Lula e Flávio Bolsonaro empatam tecnicamente na corrida para 2026, aponta nova pesquisa
O cenário eleitoral para a sucessão presidencial de 2026 apresenta um quadro de polarização acirrada e empate técnico, conforme aponta o levantamento da Real Time Big Data divulgado nesta terça-feira (3). O presidente Luiz Inácio Lula da Silva aparece em situação de igualdade estatística com o senador Flávio Bolsonaro e o governador do Paraná, Ratinho Junior.
Nos confrontos diretos, Lula registra 42% contra 41% do senador, enquanto contra o governador paranaense o placar é de 43% a 39%. Considerando a margem de erro de dois pontos percentuais, os candidatos estão em um patamar de indefinição.
Vantagem sobre outros adversários
Apesar do equilíbrio com os nomes citados acima, o atual mandatário consegue abrir uma distância segura, fora da margem de erro, quando confrontado com outros governadores de direita. Em simulações de segundo turno contra Ronaldo Caiado, Romeu Zema e Eduardo Leite, Lula mantém a liderança.
O instituto também testou cenários de primeiro turno que refletem a fragmentação da terceira via, especialmente dentro do PSD, que ainda deve escolher entre Caiado, Leite ou Ratinho Junior para encabeçar uma chapa.
Na modalidade espontânea, onde o entrevistado indica sua preferência sem uma lista prévia, Lula mantém o protagonismo com 29% das menções, seguido por Flávio Bolsonaro, que soma 19%. O levantamento ainda registra lembranças residuais do ex-presidente Jair Bolsonaro, que segue inelegível e detido, além de nomes como Tarcísio de Freitas.
Ao analisar o potencial de voto, Lula detém a maior fatia de eleitores convictos, mas divide com o senador Flávio Bolsonaro a maior taxa de rejeição do levantamento, ambos com 47%.

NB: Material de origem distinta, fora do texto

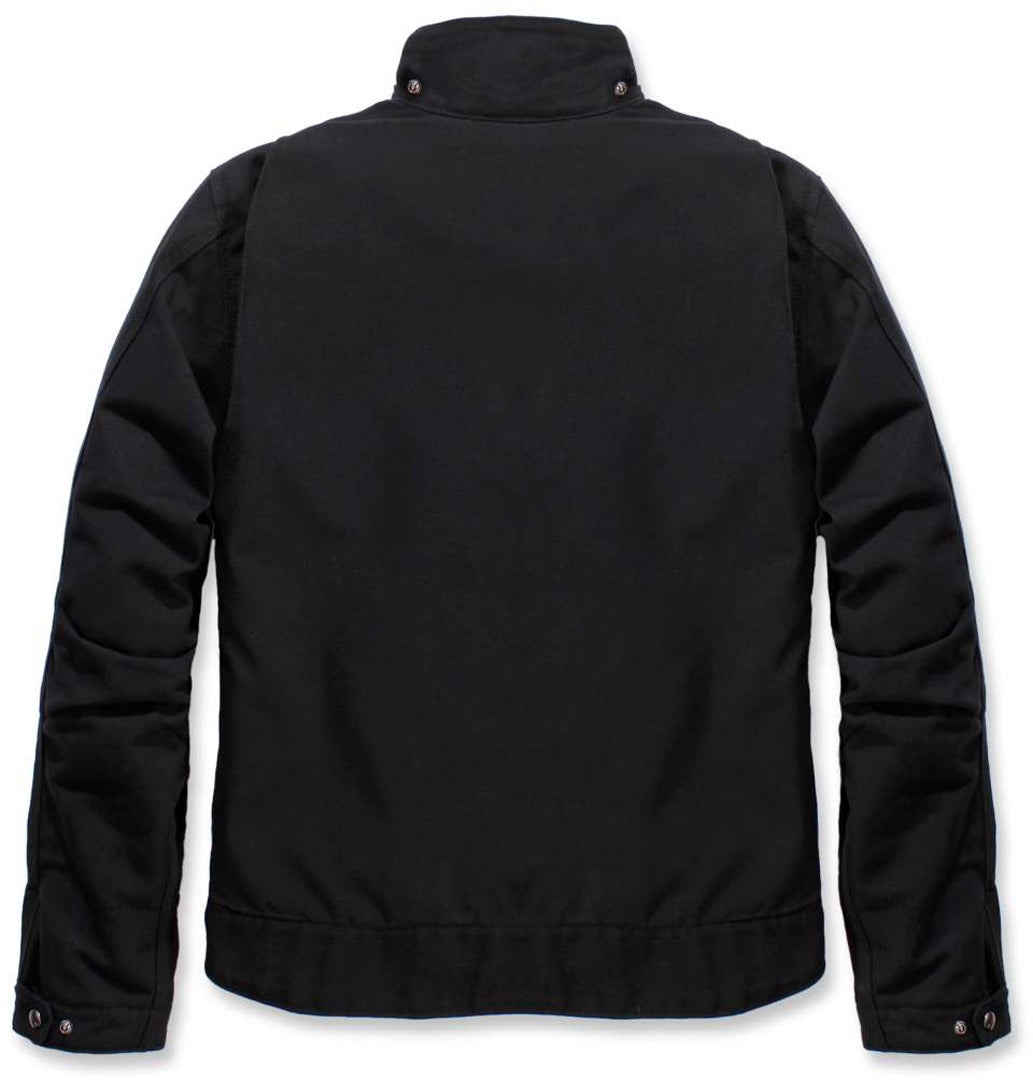 Carhartt Duck Detroit Jas Zwart XL Figuur 2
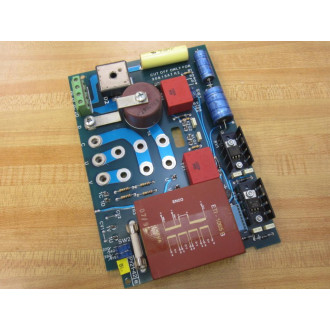 SIEI ECS 1549-1 Py21-42 Power Board ECS15491 - Used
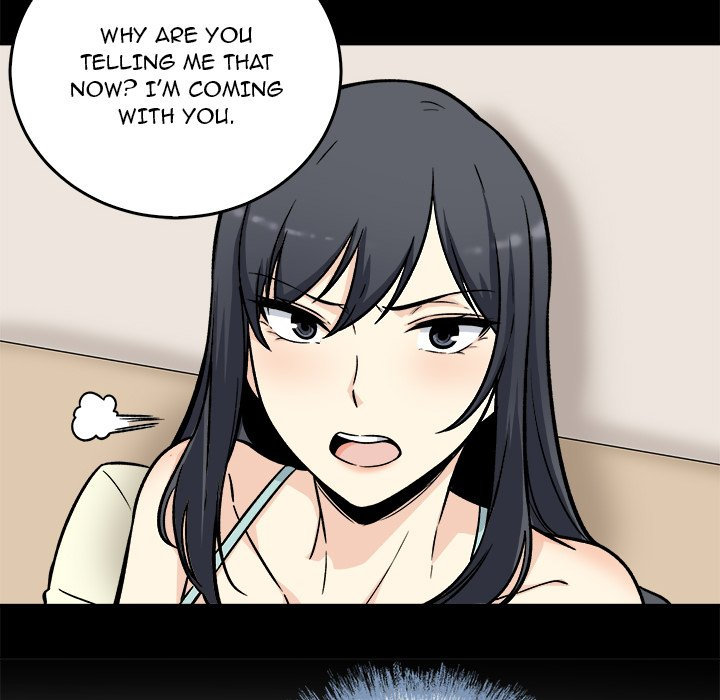 Excuse Me This Is My Room chapter 53 page 112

Desafios na aprovação do Governo
O desempenho administrativo da atual gestão federal reflete a divisão do eleitorado. De acordo com a pesquisa, a desaprovação do governo Lula atinge 51%, superando os 44% de aprovação.
Quando solicitados a atribuir uma nota ao governo, 46% dos entrevistados classificam a gestão como ruim ou péssima, enquanto o grupo que considera o governo ótimo ou bom soma 26%. Outros 27% avaliam a condução do país como regular, evidenciando o desafio do governo em converter a percepção da classe média e de eleitores moderados.